Hugh Aguilar <hughag...@nospicedham.yahoo.com> writes:
> On Dec 3, 12:17 am, Philip Lantz <p...@nospicedham.canterey.us> wrote:
>> Hugh Aguilar wrote:
>
> I got the idea of 4KB page from the Intel Optimization manual. I don't
> recall now where in there I read that though. My understanding is that
> there are 8 4KB caches active simultaneously. If the program accesses
> data somewhere outside of these 8 pages, one of these caches will have
> to be reloaded with the 4KB page that this datum is in.

There are several kinds of caches:

1) data cache
2) instruction cache
3) translation lookaside buffer (TLB)
4) et cetera

1) and 2) cache data in chunks called "cache lines". The size of
a cache line varies, 32 for older CPUs, 64 is more common nowadays.

3) is related to paging. However, it does not cache data, but
rather the physical _addresses_ of logical pages in your program. The
size of a physical address is typically 4 or 6 (rounded up to 8) bytes.

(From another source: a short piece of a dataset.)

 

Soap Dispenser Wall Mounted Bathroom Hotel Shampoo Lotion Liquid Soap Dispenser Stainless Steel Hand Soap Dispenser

A TLB miss is expensive because the CPU must access several levels
of page tables when computing a physical address. However, that
does not mean that it has to load 4K from memory. For the 2 level
page tables used in x86 it has to load 2 cache lines at most. x86-64
may load 4 cache lines. (Of course the page tables entries themselves
may be cached somewhere).

> For this
> reason, it is best to keep related data together together in a 4KB
> page, so that any memory access will hopefully be in a 4KB page that
> is already active.

That is a good idea, but the penalty of not doing so it not as bad
as you seem to think.

> Also, however, there is the problem of "aliasing." This seems to
> happen when memory accesses are exactly 4KB apart from each other. It
> can also happen when data is exactly 64KB apart from each other. This
> whole aliasing problem is very confusing to me.

A typical data/instruction cache is n-way associative where "n" depends
on the CPU model. A cache splits an address in three fields:

+---------------+---------------+---------+
| tag | cacheslot | ignore |
+---------------+---------------+---------+
3 2 1

1) Discard the lowest bits, depending on the cache line size, e.g.
if cache lines are 32 bytes the lowest 5 bits are ignored.

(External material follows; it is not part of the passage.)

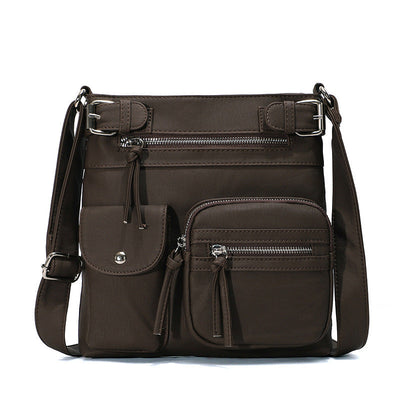 Multifunktionale Damen Tasche – Wasserfeste Schultertasche mit vielen Fächern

2) The next x bits (x depends on the number of slots in the cache)
address a location in the cache.

3) The remaining bits are stored along with the cache line. If these
don't match then the cache slot contains something else.

This describes a 1-way cache. For higher values of n there is more
than 1 slot for each value of field 2. The CPU searches all n slots
for a matching tag before replacing a cache line.

I vaguely recall that older Intel CPUs used a suboptimal algorithm
for cache replacement, leading to the problem with addresses exactly
64K apart than you mention, but to my knowledge that is no longer
a problem.

> Also, the code cache is 32KB in size. It is one big cache,

No, it is either 1024 cachelines of 32 bytes each or 512 cachelines
of 64 bytes each.

> This is all very vague in my mind --- those Intel manuals are
> difficult to understand!

Difficult to understand? Perhaps. Fun to read? Definitely!

[Philip Lantz]

Hugh Aguilar wrote:
> My understanding is that
> there are 8 4KB caches active simultaneously. If the program accesses
> data somewhere outside of these 8 pages, one of these caches will have
> to be reloaded with the 4KB page that this datum is in.

No, this is definitely not the way the cache works. It stores individual
lines of 64 bytes each, which can come from anywhere in memory. (The
cache-line size depends on the processor; current processors are all 64
bytes.) I can only guess that your misunderstanding came from a poor
description of an 8-way set associative cache.